The survey—an “aerotriangulation and mapping at 1/2000 scale by precise photogrammetric methods”—marked an uncannily legible datum. From it, Dubai would be measured. It was the most accurate recording of Dubai, but it was months out of date before anyone saw it. Perhaps as late as April, the architect John Harris received his copy, on top of which his office drew Dubai’s first town plan.
It won’t surprise anyone that the aerial imaging company Hunting Surveys came about from a swirl of architecture, military strategy, and the entertainment industry. Co-founder Francis Wills was educated as an architect, his earned skills leading to his assignment to photographic surveillance during World War I. After the war, he didn’t return to architecture; instead, he invested his wartime contribution in the filmmaking business, to shoot aerial scenes for movie productions. (He’s on the left in this image.) In 1938, in an effort to expand the company’s services, Wills traveled to Switzerland to purchase a Wild Heerbrugg A5 stereoautograph.
It wasn’t long before his big, expensive Swiss machine got drafted for World War II service and proved its value by identifying, accurately enough, the location of German missile launch sites. In the image above, the Wild A5 is at work at a Royal Air Force site. The seated man is peering through not only the magnifying lenses of a microscope, but also other lenses designed to negate various sorts of visual distortion. Distortion to counter distortion. In some mechanical way, the technician could order the stereoplotter, to his left, to “trace” what he saw through the viewer.

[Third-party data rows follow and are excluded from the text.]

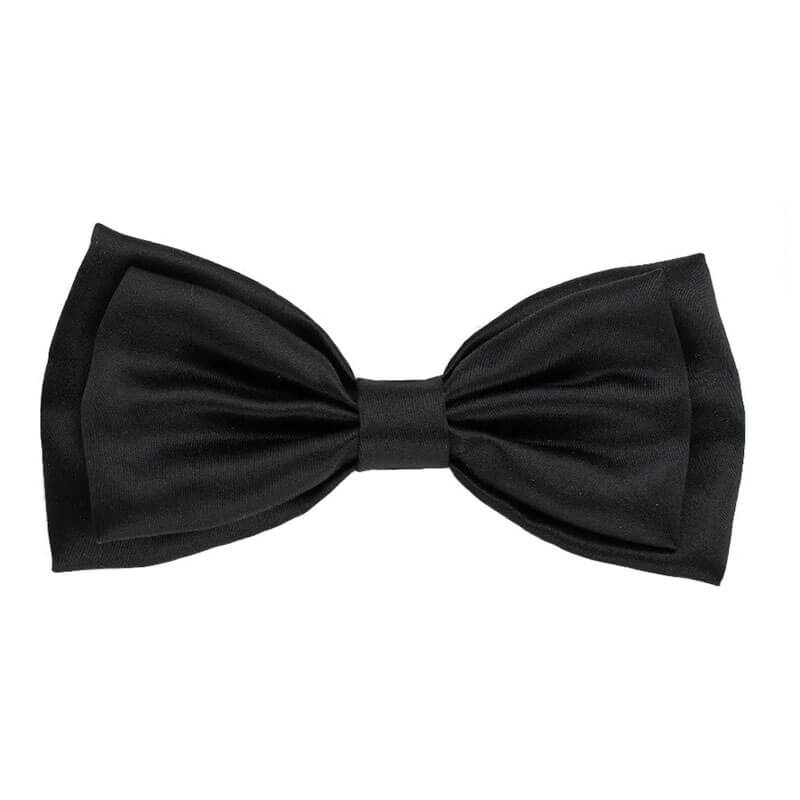 Huxley & Kent Black Satin Bow Tie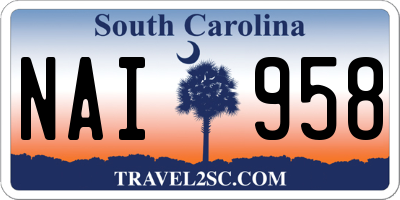 SC license plate NAI958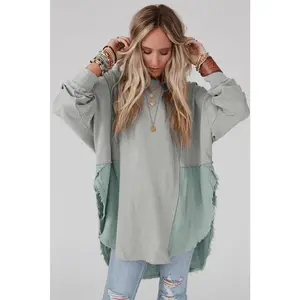 Curved Hem Dolman Sleeve Top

Mapping Dubai constituted sequences of distancing: without seeing Dubai or even touching the final sheet of paper, a technician processed altitudinal views through long-form mathematical equations—all done to instruct a mechanical arm to draft an impossible, godlike view.
It is easy to associate aerial photography, and photogrammetry, with omniscient control. In fact, the word control appears, on its own, in their everyday practice. Analysts seek “horizontal control,” “azimuth control,” “vertical control,” “total control,” and a “control network” imagined to blanket the planet. Francis Wills’s colleagues called him Daddy.
Dubai came under such control when aerial photographs still depended on geographical triangulation completed by an army of engineers, footmen, cooks, administrators, and beasts of burden who moved across a targeted landscape to prepare it for photographing. Not unlike the ancient Greeks with their gnomons, and the ancient Egyptians who erected obelisks to measure the relation between the stars and the Nile, a grid of pipes (“driven into the dune to a depth of 10 m, or until refusal”) had to be planted. “The difference is in accuracy,” is the way a Hunting surveyor distinguished his work from that of the ancients. Another difference: Hunting’s explicit ambition to control the planet. Geodetic control, it was called.